With an urge to explore new and old sounds, Milo Fultz strives to work with as many styles and personalities as he can. From big bands and small jazz ensembles to pit orchestras and classical ensembles, blues, rock, funk, and soul groups to singer/songwriters, ukulele bands, and melodica duos, he finds joy in the variety and loves sharing every minute of it.
As an electric and upright bassist, Milo is currently performing with world chamber quartet 3 Leg Torso and Mexican folk-pop artist Edna Vazquez. He played with the blues-rock group Ty Curtis Band, who were awarded 2nd place for Best Blues Band in the 2009 International Blues Competition in Tennessee, and performed across North America, including the St. Johns Blues Festival in the Virgin Islands and the Montreal Jazz Festival. He is also a member of groove quartet YamaYama, winners of the 2013 Downbeat Student Music Award for Best Blues/Pop/Rock Group in the undergraduate division.

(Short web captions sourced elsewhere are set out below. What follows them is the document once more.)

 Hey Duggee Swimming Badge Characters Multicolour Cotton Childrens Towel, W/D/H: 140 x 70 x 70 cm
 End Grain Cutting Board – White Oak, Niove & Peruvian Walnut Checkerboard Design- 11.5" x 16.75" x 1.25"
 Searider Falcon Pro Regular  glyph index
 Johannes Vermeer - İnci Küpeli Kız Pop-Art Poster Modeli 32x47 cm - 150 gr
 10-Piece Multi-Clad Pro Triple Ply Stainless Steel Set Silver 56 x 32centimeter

Fultz performs extensively in the classical idiom, holding positions in the Oregon Ballet Theater and the Eugene Symphony Orchestra, and formerly Principal Bass in the Boise Philharmonic. He is also bassist and a founding member of the contemporary classical group Sound of Late, which focuses on premiering new works from around the Pacific Northwest. As a soloist, he was a finalist of the 2014 Eugene Symphony Young Artists Competition, was showcased at the 2014 Oregon Bach Festival Composers Symposium as a featured performer, and performed a solo recital earlier that year which included his arrangement of Bartok's "Romanian Folk Dances" for melodica and two double basses.

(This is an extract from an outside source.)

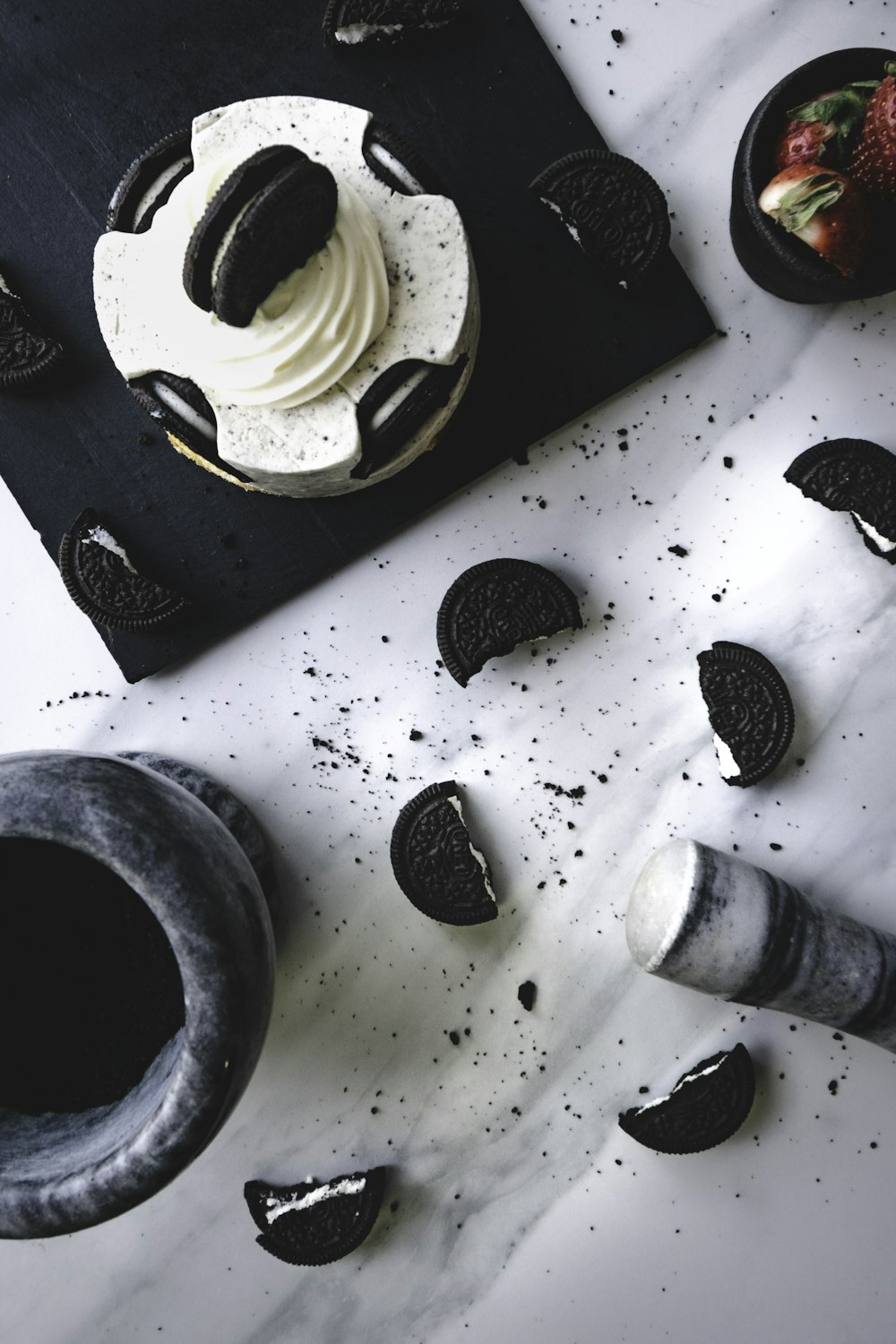 black and white chocolate on white ceramic plate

Apart from being an active freelancer and recording musician, he is also a musical theater lover, and played in the pit orchestra of many different ballets, operas and musicals including the 2013 opera premiere, “The Canticle of the Black Madonna” in Eugene, Oregon, the award-winning 2011 production of Avenue Q at Lord Leebrick Theater, and as a section bassist in Orchestra NEXT, resident orchestra for Eugene Ballet Company.
Understanding the value of a healthy musical community, he has organized events that look to help build new musical relationships and inspire creative opportunities for the community as a whole; such as the “48-Hour Composition Competition”, where composers from around the country and local musicians prepare a piece of music in one day. He also is an active teacher, maintaining a position teaching bassists at Reed College and New Hope Christian College, as well as a private studio where he teaches upright and electric bass and tutors general music theory and ear training, and collaborates with schools to assist students and give lessons.
Milo Fultz graduated magna cum laude with a Bachelors of Music in music performance from the University of Oregon in 2014.